What is expected
The answer must be exactly the lines from the one containing "Brainology® Poster 7: Managing" through the end of the material, with both ends kept and no other lines.

------------

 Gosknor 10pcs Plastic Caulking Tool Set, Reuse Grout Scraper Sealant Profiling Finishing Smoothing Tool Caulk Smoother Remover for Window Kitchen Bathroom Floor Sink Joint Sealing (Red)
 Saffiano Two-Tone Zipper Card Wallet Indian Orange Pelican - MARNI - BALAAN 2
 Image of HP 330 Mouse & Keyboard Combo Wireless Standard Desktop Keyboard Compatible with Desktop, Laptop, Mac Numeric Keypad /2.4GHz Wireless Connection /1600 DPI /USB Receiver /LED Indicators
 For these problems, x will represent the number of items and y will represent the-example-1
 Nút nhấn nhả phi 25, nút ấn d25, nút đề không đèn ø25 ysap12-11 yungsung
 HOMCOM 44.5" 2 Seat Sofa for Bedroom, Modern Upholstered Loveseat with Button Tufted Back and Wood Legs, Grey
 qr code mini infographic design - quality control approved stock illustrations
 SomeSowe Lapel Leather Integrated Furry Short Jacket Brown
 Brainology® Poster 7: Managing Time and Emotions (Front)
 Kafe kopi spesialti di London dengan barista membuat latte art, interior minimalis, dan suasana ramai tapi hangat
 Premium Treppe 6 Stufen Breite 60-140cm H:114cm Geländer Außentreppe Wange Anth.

------------

Written reply
 Brainology® Poster 7: Managing Time and Emotions (Front)
 Kafe kopi spesialti di London dengan barista membuat latte art, interior minimalis, dan suasana ramai tapi hangat
 Premium Treppe 6 Stufen Breite 60-140cm H:114cm Geländer Außentreppe Wange Anth.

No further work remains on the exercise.